╔══

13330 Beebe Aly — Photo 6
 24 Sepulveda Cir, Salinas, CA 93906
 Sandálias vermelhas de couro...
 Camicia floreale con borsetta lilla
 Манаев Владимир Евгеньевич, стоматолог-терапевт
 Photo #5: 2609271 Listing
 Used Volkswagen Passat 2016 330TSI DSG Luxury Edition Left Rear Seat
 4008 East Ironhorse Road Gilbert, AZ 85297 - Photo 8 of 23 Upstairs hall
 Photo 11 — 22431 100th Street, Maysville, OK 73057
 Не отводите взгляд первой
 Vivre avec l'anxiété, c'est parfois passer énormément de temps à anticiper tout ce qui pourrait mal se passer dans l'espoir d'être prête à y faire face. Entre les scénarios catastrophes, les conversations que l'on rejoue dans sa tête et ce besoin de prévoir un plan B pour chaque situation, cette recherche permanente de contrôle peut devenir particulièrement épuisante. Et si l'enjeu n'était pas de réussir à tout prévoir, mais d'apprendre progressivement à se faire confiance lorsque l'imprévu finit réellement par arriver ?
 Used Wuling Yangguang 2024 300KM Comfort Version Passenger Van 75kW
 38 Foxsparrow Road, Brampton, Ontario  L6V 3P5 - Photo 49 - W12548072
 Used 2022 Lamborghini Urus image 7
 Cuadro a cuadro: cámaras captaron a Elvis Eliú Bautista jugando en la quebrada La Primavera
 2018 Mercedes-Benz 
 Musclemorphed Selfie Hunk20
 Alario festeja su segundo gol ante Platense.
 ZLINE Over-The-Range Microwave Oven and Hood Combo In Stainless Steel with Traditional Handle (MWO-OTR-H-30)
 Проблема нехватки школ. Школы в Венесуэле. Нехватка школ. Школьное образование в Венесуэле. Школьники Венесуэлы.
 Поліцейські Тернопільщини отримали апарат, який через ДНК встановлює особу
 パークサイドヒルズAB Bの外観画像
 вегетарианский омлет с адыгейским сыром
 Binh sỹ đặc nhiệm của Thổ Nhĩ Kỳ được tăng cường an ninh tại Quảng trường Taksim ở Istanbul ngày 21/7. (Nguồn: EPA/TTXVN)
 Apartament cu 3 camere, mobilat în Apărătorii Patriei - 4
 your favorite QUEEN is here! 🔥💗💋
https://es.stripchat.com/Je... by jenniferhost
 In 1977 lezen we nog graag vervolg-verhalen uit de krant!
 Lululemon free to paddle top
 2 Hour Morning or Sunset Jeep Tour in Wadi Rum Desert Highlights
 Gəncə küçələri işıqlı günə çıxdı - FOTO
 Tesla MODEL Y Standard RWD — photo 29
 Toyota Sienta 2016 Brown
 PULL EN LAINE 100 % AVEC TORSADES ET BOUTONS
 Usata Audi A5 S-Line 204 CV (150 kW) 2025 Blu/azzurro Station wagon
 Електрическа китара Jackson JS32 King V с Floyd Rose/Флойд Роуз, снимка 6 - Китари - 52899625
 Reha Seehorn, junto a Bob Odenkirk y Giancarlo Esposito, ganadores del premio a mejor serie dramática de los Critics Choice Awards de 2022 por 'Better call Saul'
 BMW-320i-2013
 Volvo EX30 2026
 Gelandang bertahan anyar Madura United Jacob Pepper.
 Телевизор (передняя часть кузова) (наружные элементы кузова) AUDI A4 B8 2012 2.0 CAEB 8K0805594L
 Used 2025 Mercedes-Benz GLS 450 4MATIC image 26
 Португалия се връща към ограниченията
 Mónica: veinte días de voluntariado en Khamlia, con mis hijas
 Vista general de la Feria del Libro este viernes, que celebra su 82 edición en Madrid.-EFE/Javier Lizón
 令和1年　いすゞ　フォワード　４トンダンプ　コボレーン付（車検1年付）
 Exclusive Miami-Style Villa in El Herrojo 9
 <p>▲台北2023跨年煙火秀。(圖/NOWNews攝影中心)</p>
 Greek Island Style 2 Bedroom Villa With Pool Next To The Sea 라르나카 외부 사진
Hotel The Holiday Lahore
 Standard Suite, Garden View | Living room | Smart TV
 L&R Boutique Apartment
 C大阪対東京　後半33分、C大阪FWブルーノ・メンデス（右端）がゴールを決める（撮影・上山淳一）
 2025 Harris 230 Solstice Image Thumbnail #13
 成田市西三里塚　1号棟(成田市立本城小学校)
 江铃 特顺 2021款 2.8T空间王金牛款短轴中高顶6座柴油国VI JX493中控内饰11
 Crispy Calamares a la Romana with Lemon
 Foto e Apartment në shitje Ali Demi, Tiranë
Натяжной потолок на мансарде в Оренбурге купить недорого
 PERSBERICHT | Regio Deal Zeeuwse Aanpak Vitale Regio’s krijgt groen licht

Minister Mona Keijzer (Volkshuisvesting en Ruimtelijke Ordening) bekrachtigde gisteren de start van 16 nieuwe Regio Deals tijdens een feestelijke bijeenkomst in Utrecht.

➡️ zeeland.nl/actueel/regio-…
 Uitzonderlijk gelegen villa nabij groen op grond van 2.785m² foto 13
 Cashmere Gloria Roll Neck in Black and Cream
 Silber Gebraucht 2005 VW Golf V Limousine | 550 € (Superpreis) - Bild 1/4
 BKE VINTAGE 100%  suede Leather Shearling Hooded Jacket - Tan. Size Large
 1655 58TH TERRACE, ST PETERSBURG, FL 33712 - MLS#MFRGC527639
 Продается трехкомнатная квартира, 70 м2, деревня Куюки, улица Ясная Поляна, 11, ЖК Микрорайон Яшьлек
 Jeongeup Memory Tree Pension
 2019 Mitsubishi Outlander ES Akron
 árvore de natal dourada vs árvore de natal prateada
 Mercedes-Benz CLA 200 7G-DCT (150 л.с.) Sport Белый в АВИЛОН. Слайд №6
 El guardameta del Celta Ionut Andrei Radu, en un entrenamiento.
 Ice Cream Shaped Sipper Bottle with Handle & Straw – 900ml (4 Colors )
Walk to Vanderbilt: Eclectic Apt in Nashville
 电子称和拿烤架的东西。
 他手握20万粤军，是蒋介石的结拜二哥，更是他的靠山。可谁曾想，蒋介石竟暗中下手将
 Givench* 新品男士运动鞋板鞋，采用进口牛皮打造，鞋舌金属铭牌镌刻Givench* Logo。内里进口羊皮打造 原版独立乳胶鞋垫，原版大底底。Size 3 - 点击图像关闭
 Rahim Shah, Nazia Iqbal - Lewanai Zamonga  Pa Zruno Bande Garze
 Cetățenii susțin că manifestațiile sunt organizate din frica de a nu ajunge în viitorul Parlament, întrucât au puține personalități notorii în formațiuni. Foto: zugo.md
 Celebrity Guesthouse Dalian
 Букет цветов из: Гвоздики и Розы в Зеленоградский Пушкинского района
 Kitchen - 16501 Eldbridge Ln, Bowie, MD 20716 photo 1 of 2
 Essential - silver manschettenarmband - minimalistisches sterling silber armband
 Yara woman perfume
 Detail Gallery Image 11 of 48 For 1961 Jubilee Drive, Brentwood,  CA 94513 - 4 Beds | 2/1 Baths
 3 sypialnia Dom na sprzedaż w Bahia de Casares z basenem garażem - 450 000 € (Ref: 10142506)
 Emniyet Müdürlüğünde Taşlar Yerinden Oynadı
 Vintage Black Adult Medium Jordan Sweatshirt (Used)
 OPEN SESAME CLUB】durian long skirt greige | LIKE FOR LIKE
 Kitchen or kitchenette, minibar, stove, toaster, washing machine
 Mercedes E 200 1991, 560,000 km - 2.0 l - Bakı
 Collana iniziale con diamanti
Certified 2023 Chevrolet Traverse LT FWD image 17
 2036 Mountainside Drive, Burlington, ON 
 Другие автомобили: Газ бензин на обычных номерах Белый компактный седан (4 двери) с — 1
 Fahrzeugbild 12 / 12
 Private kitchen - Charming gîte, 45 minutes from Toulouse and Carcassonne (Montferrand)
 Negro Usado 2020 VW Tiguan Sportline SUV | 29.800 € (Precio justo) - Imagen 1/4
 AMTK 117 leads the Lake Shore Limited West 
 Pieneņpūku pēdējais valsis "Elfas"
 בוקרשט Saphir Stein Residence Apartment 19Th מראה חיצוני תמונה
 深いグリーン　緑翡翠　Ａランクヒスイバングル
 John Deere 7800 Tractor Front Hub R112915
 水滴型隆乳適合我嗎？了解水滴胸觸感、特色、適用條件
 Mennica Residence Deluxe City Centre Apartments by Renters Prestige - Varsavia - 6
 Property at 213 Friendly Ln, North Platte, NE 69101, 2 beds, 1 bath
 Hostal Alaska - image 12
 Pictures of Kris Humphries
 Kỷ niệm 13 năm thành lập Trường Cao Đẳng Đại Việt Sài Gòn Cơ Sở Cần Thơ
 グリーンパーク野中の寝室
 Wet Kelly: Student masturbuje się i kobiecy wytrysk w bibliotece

╚══

§ **What the exercise asks**: In the entries above, find the line with "江铃 特顺 2021款" and the line with "PERSBERICHT | Regio", then set down exactly those two and every line between them, nothing else.

§ **Solved problem**:
 江铃 特顺 2021款 2.8T空间王金牛款短轴中高顶6座柴油国VI JX493中控内饰11
 Crispy Calamares a la Romana with Lemon
 Foto e Apartment në shitje Ali Demi, Tiranë
Натяжной потолок на мансарде в Оренбурге купить недорого
 PERSBERICHT | Regio Deal Zeeuwse Aanpak Vitale Regio’s krijgt groen licht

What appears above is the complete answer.